## [Instructions for the task]
Where the records below reach the line containing "Preview: Boss Audio Systems UNI4RGB", start transcribing, and end with the line containing "Gosund Smart Dual", exactly and with nothing else added.

## [Materials provided]
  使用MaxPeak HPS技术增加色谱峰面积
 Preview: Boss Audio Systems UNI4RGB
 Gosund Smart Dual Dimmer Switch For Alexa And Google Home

---

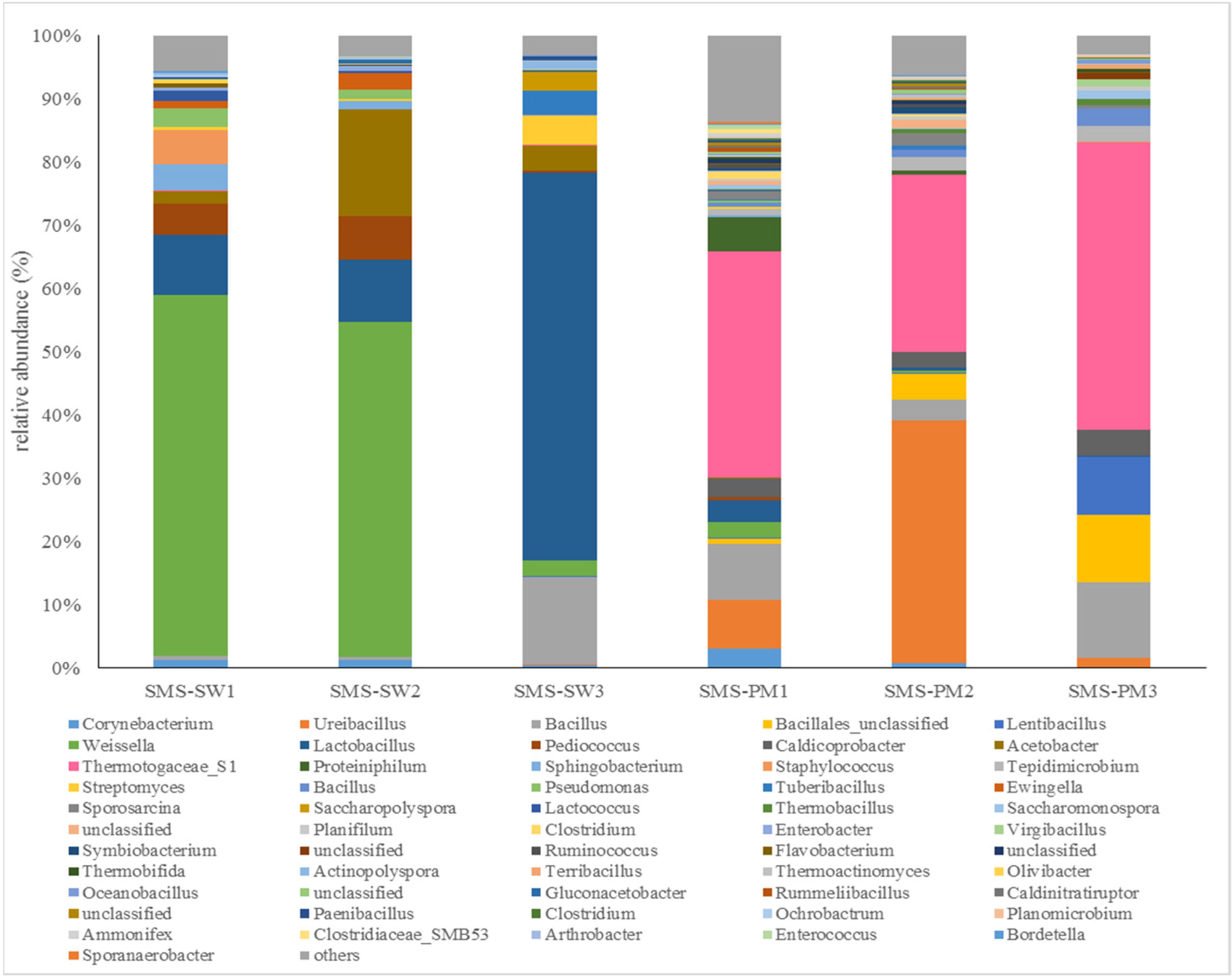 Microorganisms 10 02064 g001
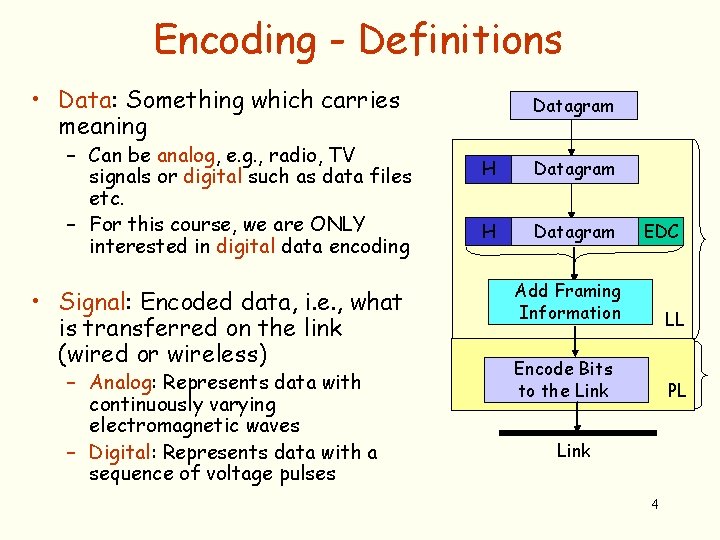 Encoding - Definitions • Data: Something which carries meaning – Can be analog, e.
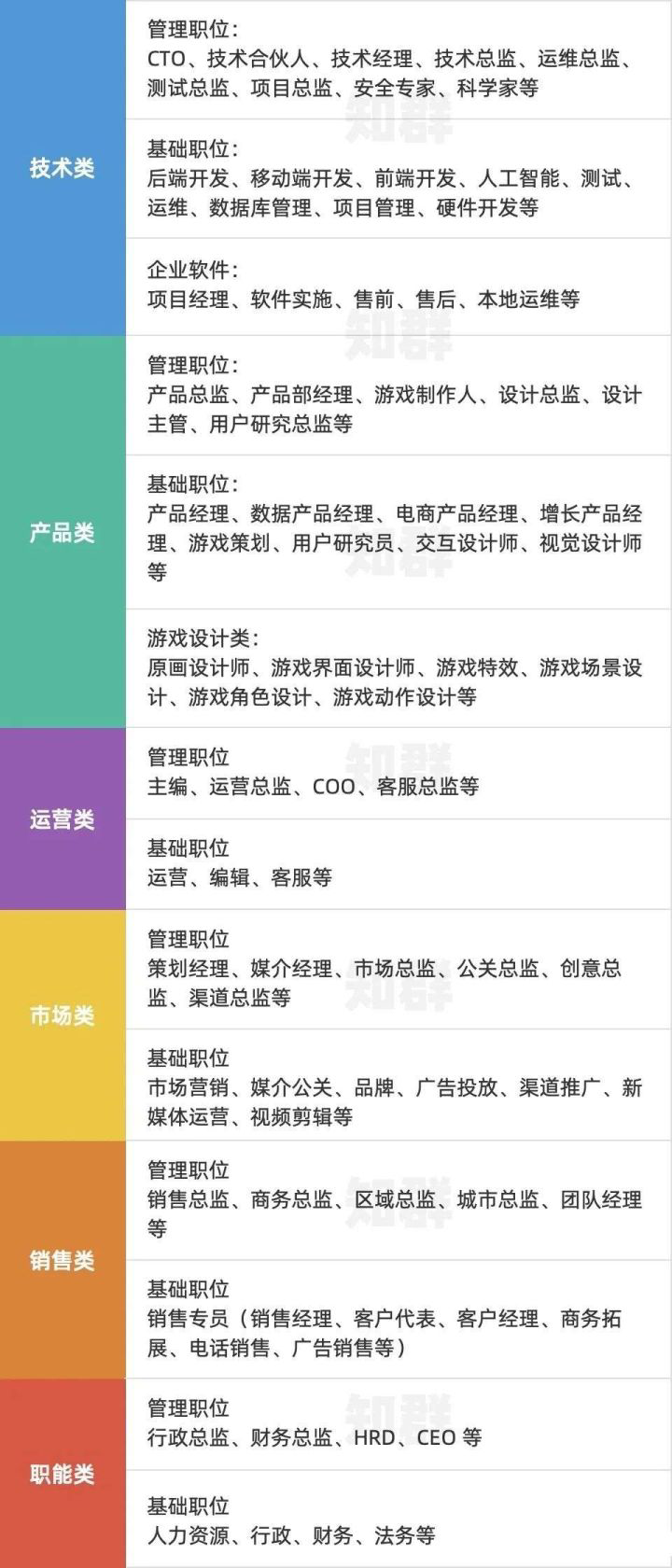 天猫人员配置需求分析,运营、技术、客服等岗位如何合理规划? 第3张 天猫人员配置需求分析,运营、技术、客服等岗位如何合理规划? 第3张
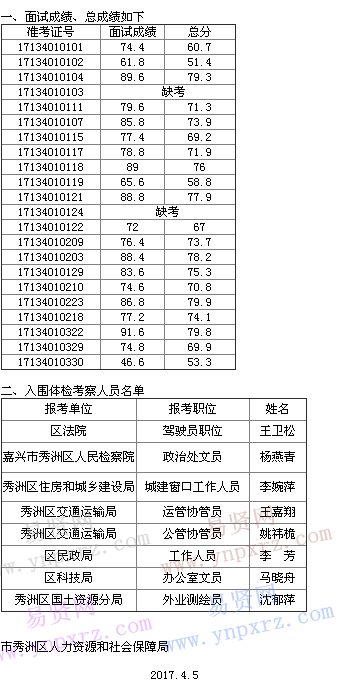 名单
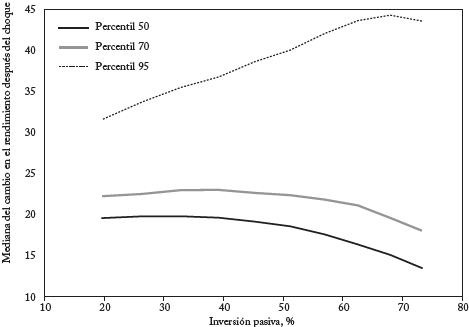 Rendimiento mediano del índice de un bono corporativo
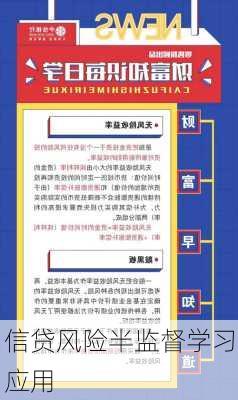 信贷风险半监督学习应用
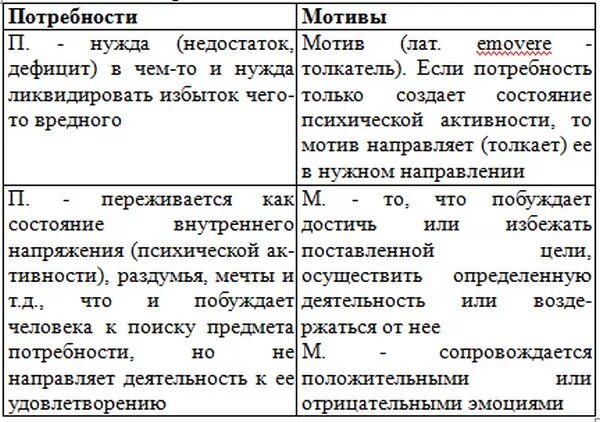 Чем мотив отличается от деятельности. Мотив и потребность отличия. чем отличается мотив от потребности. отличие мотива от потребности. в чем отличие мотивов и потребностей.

==

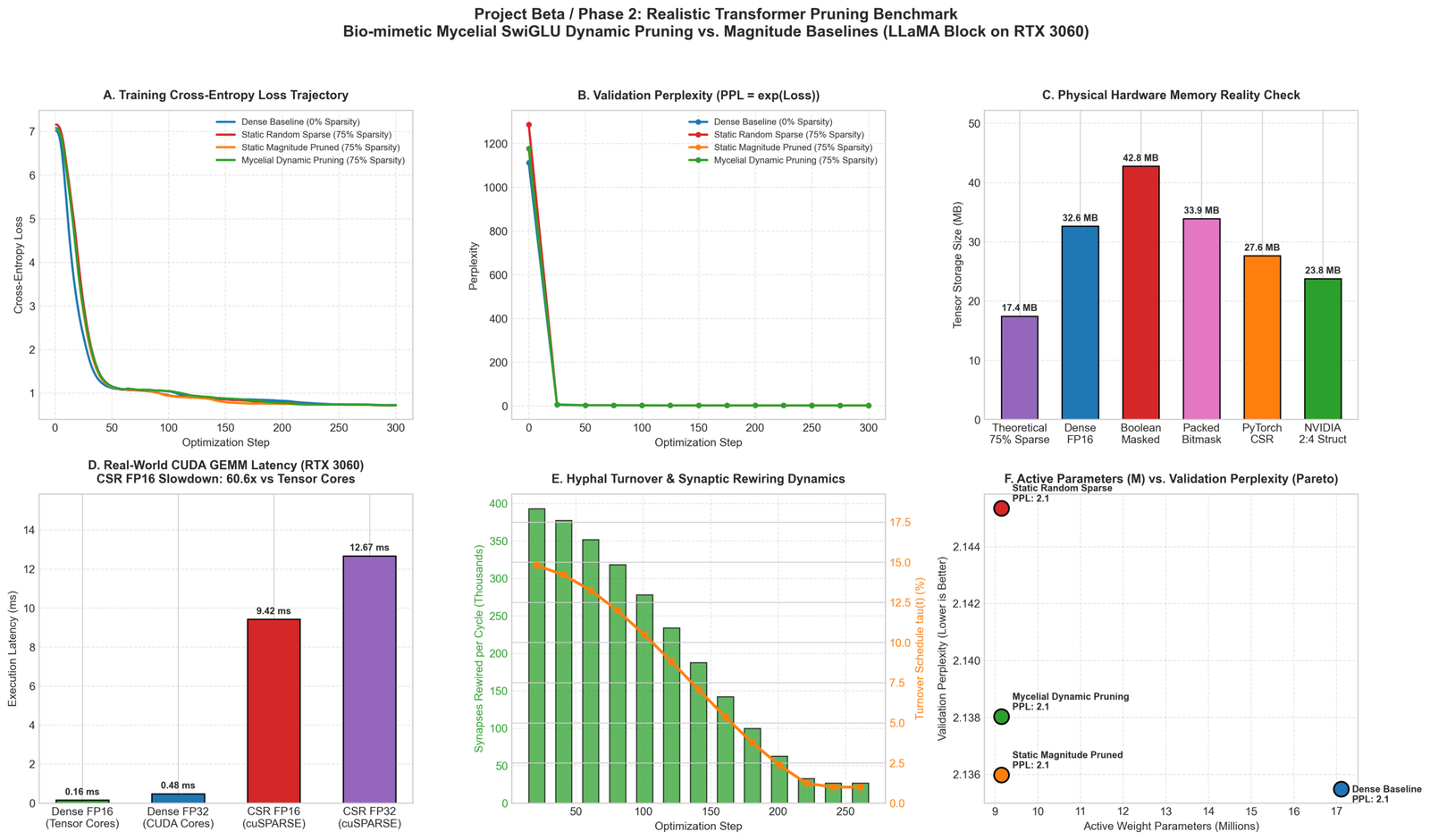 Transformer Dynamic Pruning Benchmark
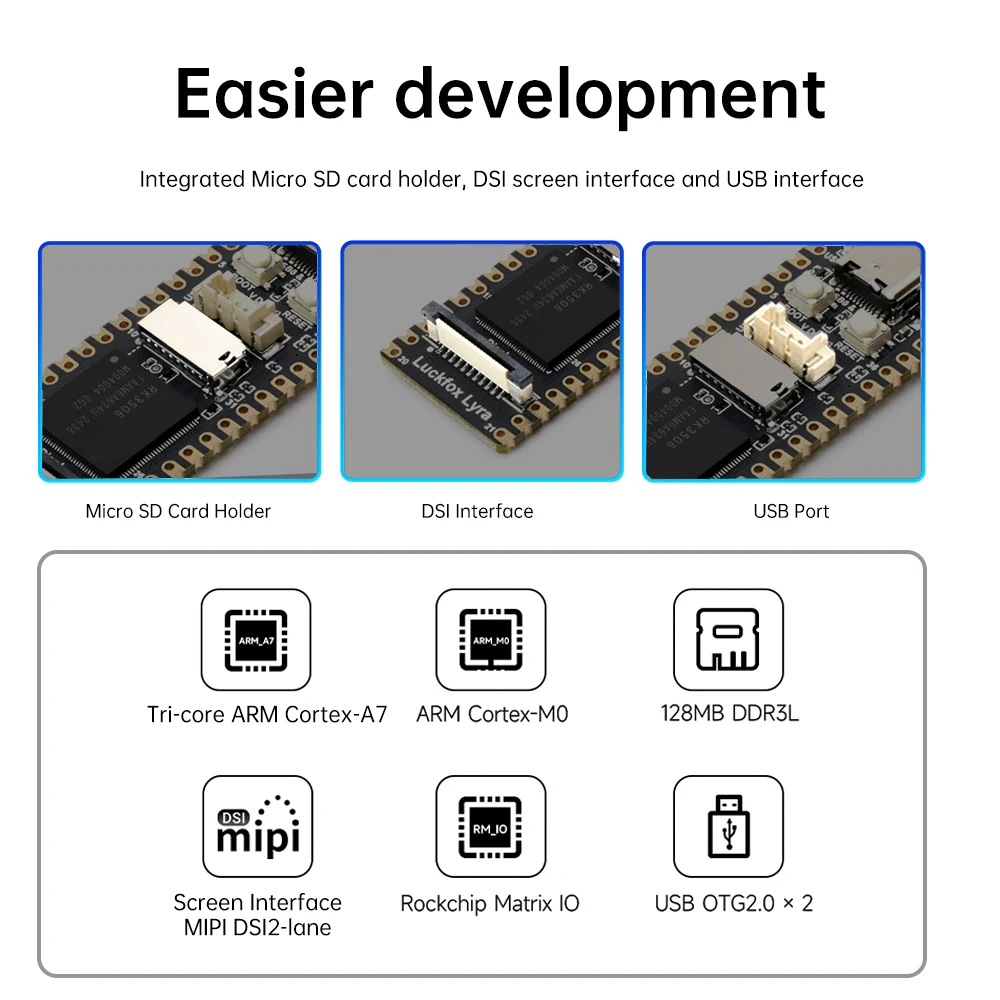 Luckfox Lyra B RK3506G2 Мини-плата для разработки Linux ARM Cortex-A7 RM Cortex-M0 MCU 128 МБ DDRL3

## [Output of the task]
 Preview: Boss Audio Systems UNI4RGB
 Gosund Smart Dual Dimmer Switch For Alexa And Google Home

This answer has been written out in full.